The Massive Potential of the Fermented Food Market
From kombucha to kimchi, fermented foods and drinks have earned a devoted following in recent years – and their popularity is growing all the time.
One good thing that came out of enforced time at home for many people during the pandemic was cultivating a new hobby – literally.
An explosion of experimentation led to shortages of flour as people lovingly nurtured a sourdough ‘mother’ to life at home. Others headed for the unique qualities of fermented foods, such as kimchi and sauerkraut. Beverages kombucha and kefir also gained cult followings.
Two years later, the home experimenting may have abated but the popularity of these fermented foods and drinks has only grown due to a global demand for probiotics. This may be due to increased health awareness and concern for maintaining immunity and well-being during a global pandemic.
Whatever the reason, the microbial culture market has clear commercial appeal and is projected to be worth US$2.2 billion by 2024.
What is fermented food?
Fermented foods are foods and beverages that have undergone a process where micro-organisms (like yeast and bacteria) break down food components (like glucose) into other products (like organic acids, gases or alcohol).
Accredited Practising Dietician and founder of Your (Gut) Feeling, Annaliese Collier, encourages people to introduce a small amount of fermented food into their diet on a regular basis.
“Fermented foods have been associated with several positive health effects, including improved digestive health and increased availability of beneficial nutrients, such as vitamin B12,” she says. “They may also play a role in maintaining a healthy immune system, with further research still needed to understand the amount and strains of bacteria necessary for this.
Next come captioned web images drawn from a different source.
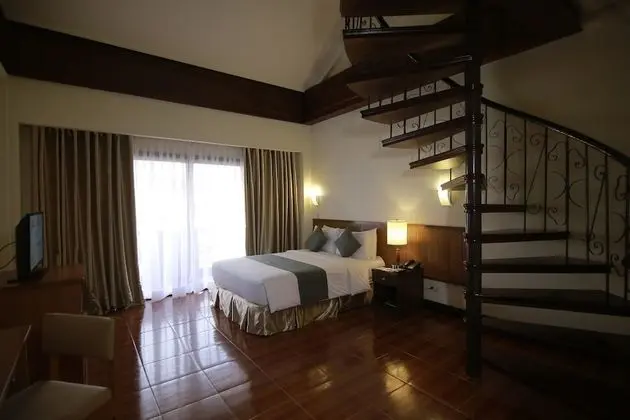 Club Çatı Katı (Loft)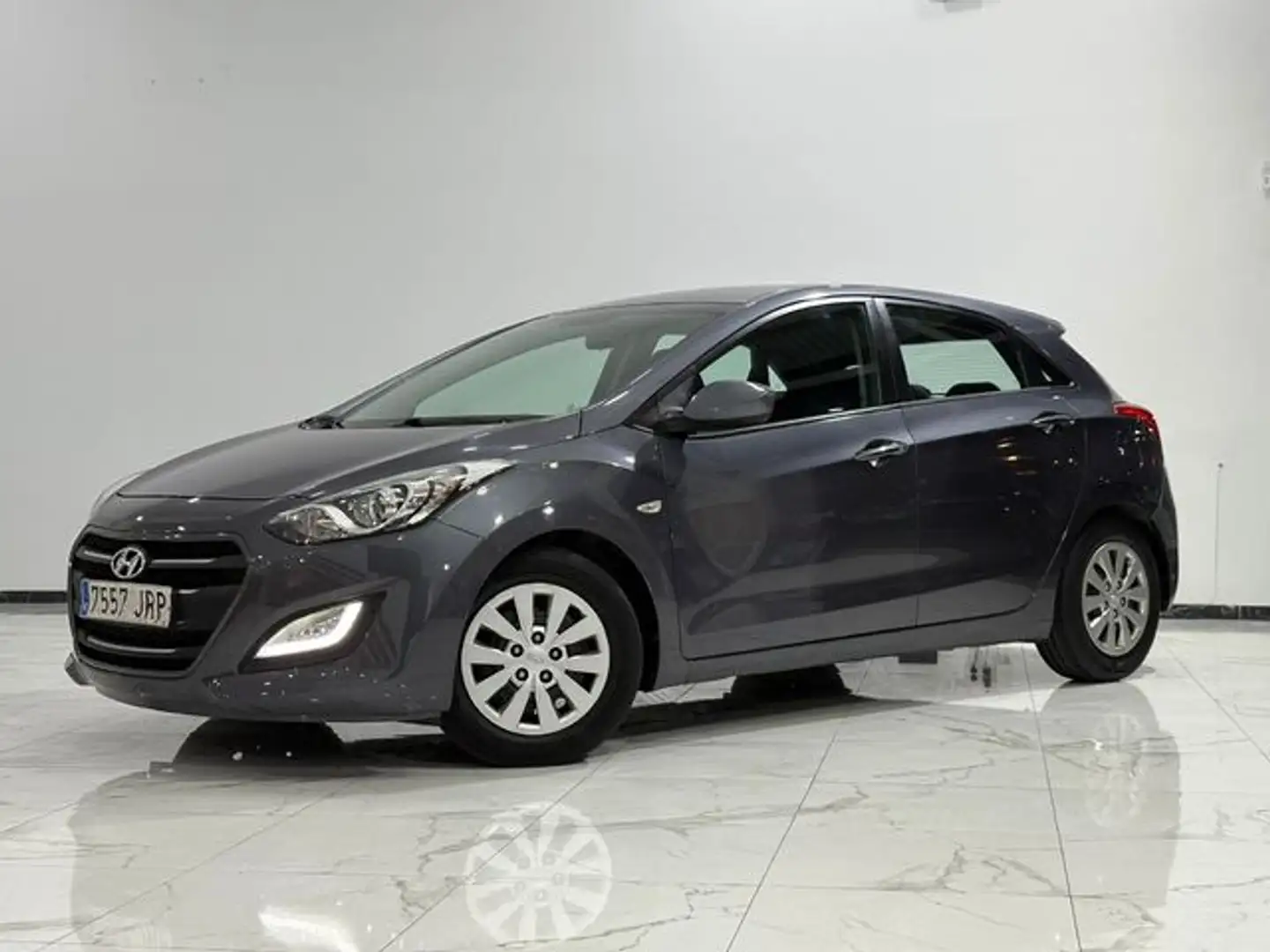 Hyundai i30 1.4CRDi Klass 90 Grau - 1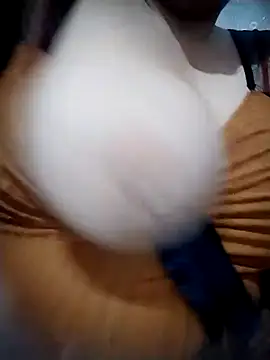 Snapshot of carmelasexy chatting on October 29, 11:07 pm carmelasexy online show from October 29, 11:07 pm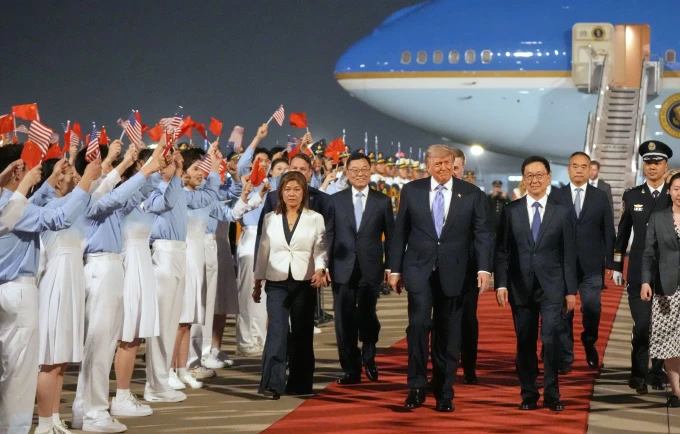 trumpi-mberrin-ne-kine-per-samitin-historik-me-xi-ne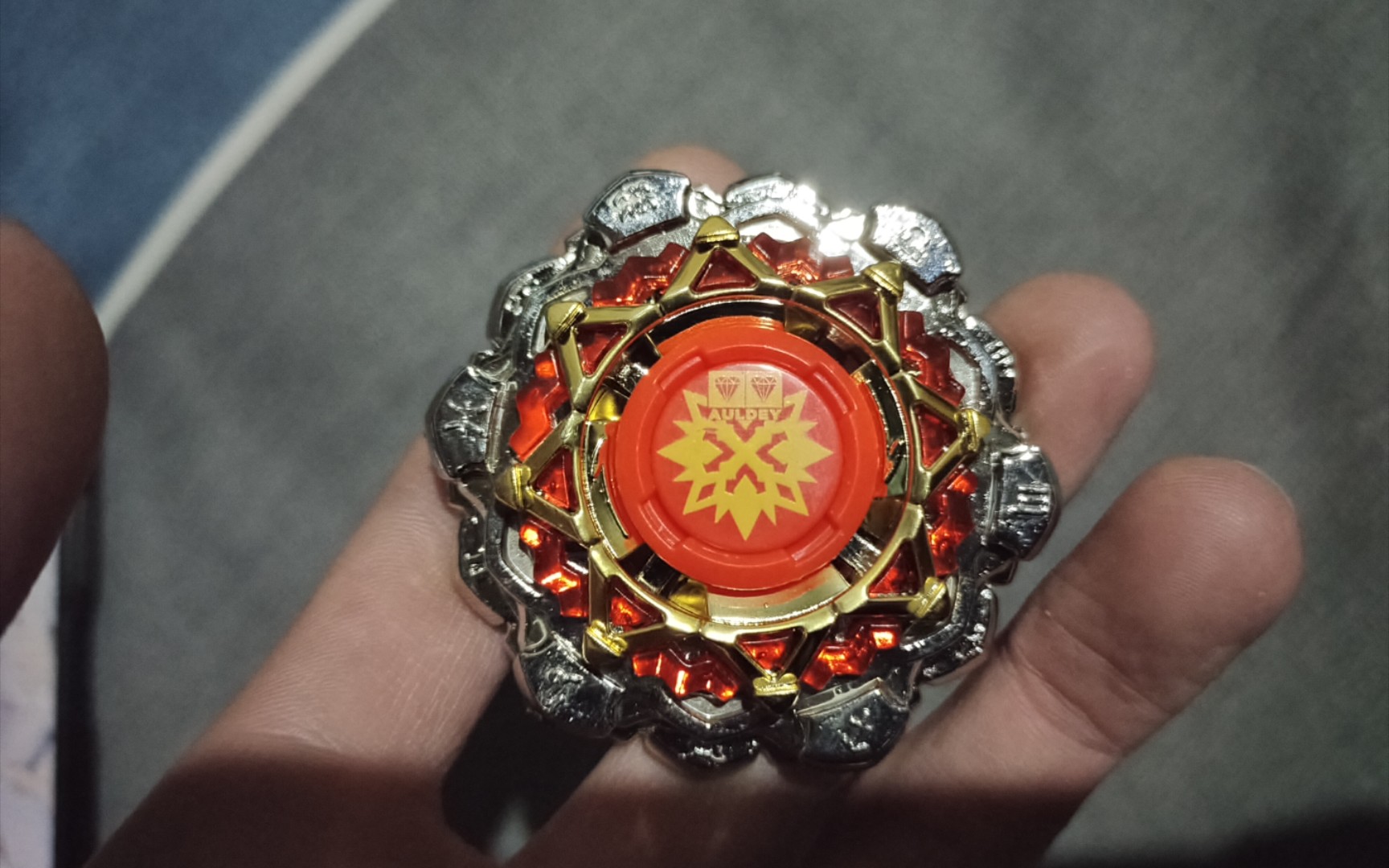 再版的混元光盾和初版有什么区别呢没有调查问卷和绝密档案不不不最大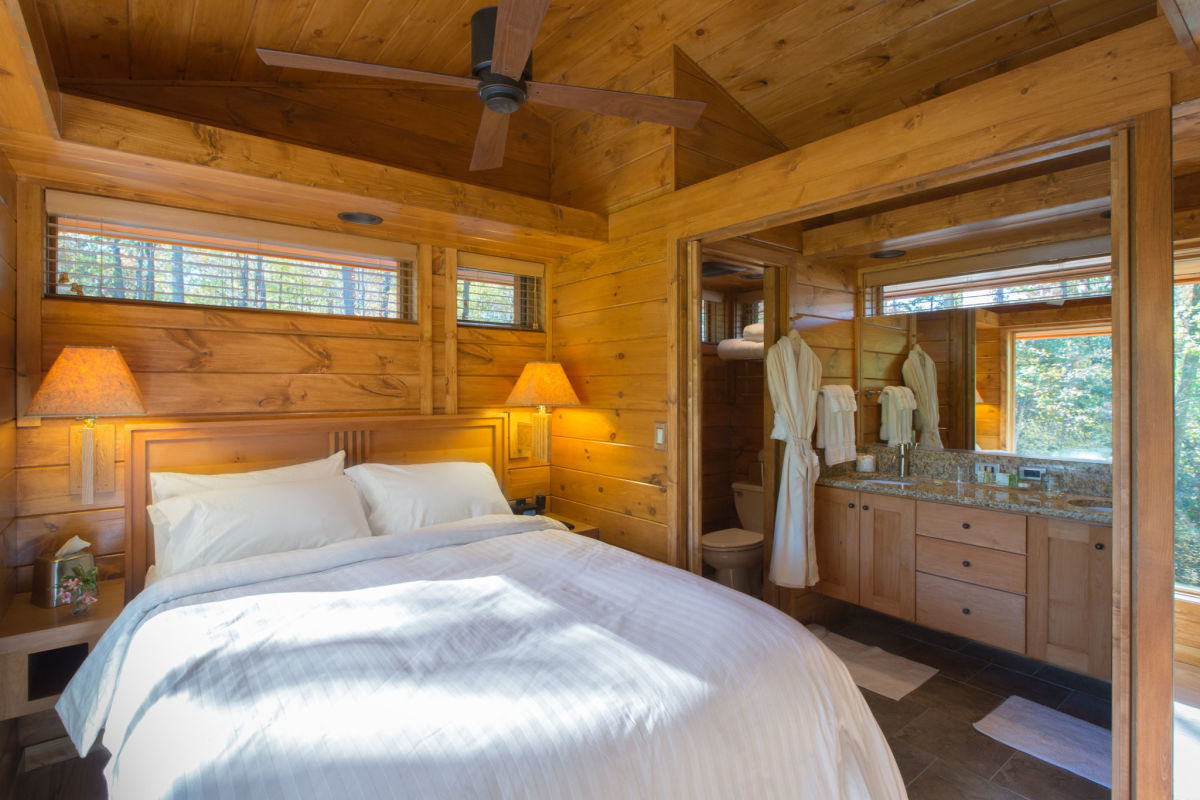 meghantopus:This gorgeous cottage is 568 square feet including the screened porch,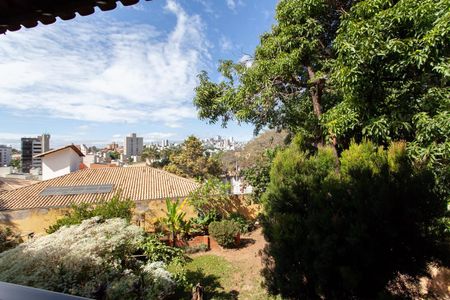 Casa à venda com 1400m², 4 quartos e 5 vagasVista do Quarto 2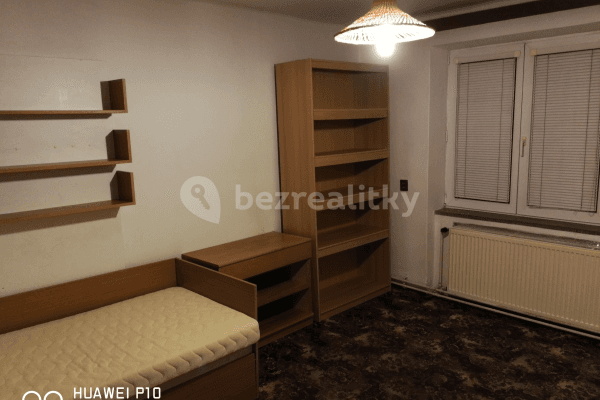 Prenájom bytu 2-izbový 78 m², Prlovská, Zlín, Zlínský kraj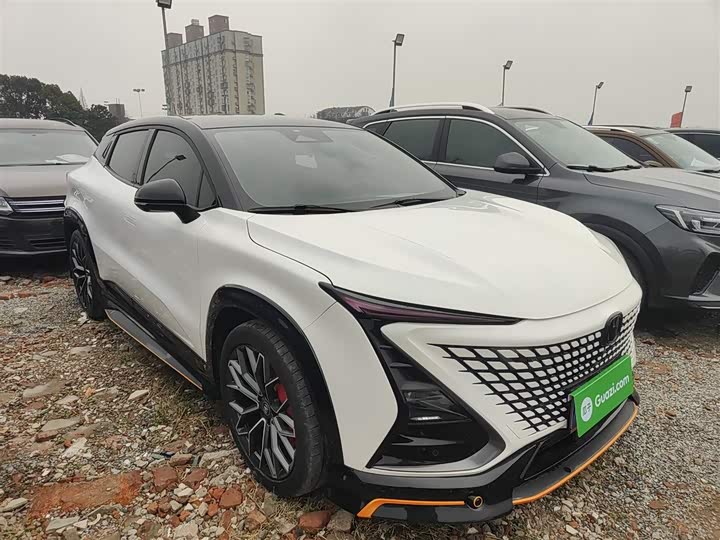 Фото 3 - Changan UNI-T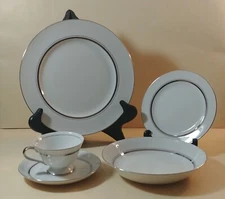 DINNERWARE: Marquise (Platinum) by CLARIDGE-5 pieces place setting/(JAPAN) 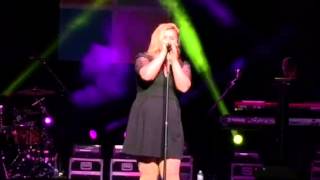 Kelly Clarkson quotShake it Offquot Taylor Swift cover Buffalo 102514 [upl. by Jaela]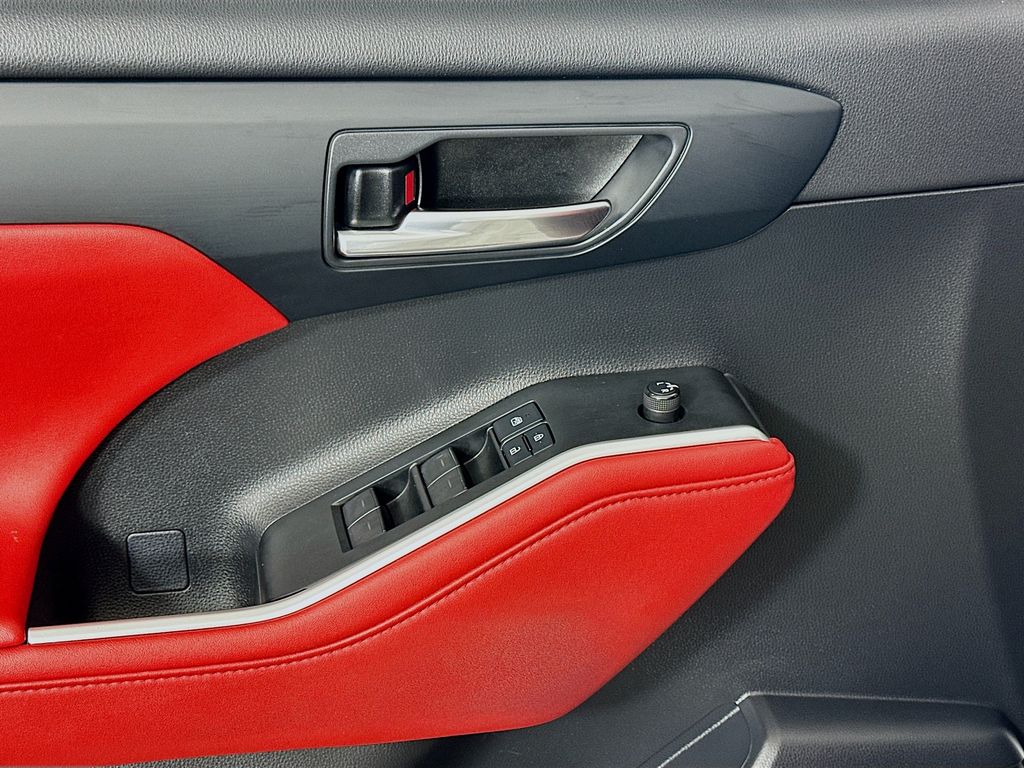 Thumbnail: 2021 Toyota Highlander - 17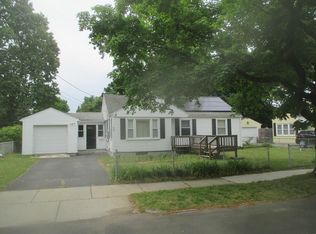 58 Glencoe St, Springfield, MA 01104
“For the average person, fermented foods are a safe and convenient way to get those beneficial live bacteria into our gut, with the bonus of adding complex flavours and textures to meals.”
Rise and shine
There’s a wide variety of fermented foods making their way off the supermarket shelf and into bars and restaurants, complementing many dishes with unique flavours.
Sharon Flynn, the founder of Victorian-based outfit The Fermentary, says orders for her signature red sauerkraut have tripled in the past year as restaurants join the stampede towards good quality fermented products.
“I’ve noticed an increase in orders for our sauerkraut from one tub to three or four tubs a week, which shows there is a willingness to pay for good quality fermented food,” says Flynn.
It’s not only good for your gut, say the experts. While there is still research to be done, there is a growing consensus that fermented foods have another superpower.
“You can’t compare a can of sauerkraut that has been pasteurised to my hand-chopped, wild-fermented kraut” says Flynn. “It is good for digestion, and it contains all kinds of things that will release serotonin. So, you feel good, too – and you can’t put a price on that.”
Collier agrees and says while the pandemic may be partly responsible for driving people towards fermented foods en masse, there is another health benefit emerging.
“There’s also new evidence to suggest that there could be a link between fermented food consumption and improvements in our mental health,” she explains.
“This is very much a growing area of research, it’s likely that additional benefits associated with consuming foods in this traditional method are yet to be discovered, so watch this space.”